* **WHAT IS BEING ASKED**:
Only one stretch of the data is wanted: the line containing "Wir sind sprachlos", the line containing "yogphysiorehab (2)", and every line between them, copied exactly.

* **PROVIDED ENTRIES**:

###

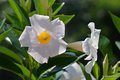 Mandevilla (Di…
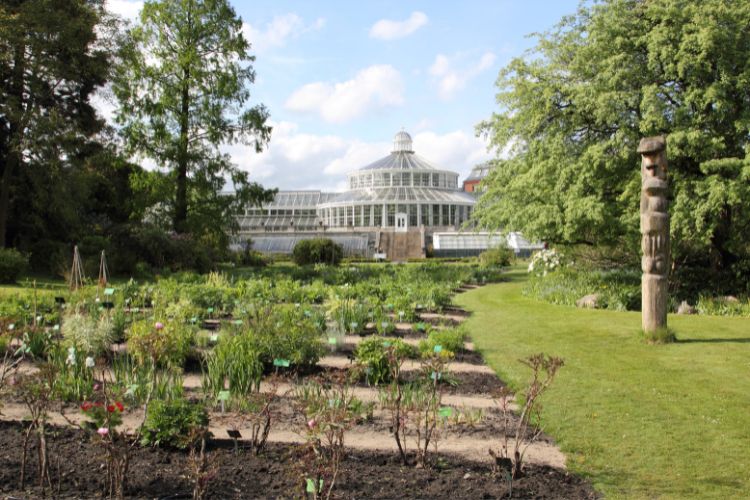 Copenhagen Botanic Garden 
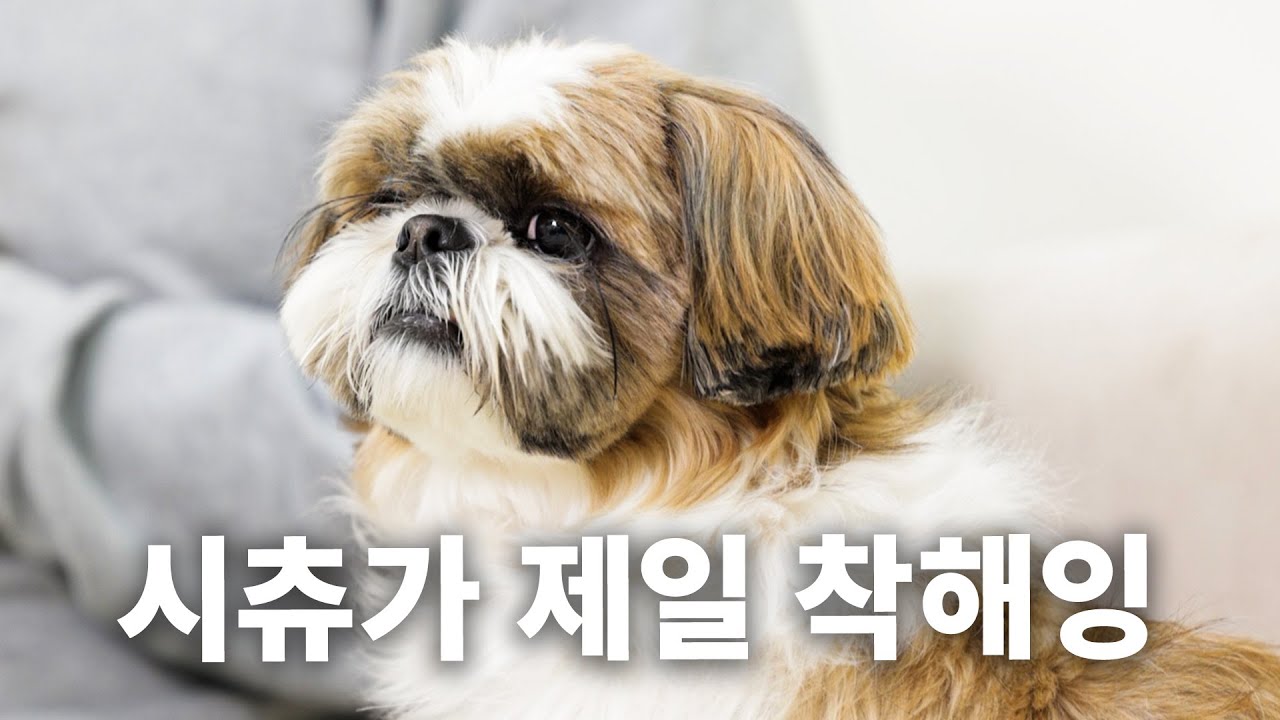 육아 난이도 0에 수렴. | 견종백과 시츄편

###

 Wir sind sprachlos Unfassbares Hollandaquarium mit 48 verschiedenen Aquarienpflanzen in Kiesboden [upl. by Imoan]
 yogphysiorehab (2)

###

* **EXERCISE SOLUTION**:
 Wir sind sprachlos Unfassbares Hollandaquarium mit 48 verschiedenen Aquarienpflanzen in Kiesboden [upl. by Imoan]
 yogphysiorehab (2)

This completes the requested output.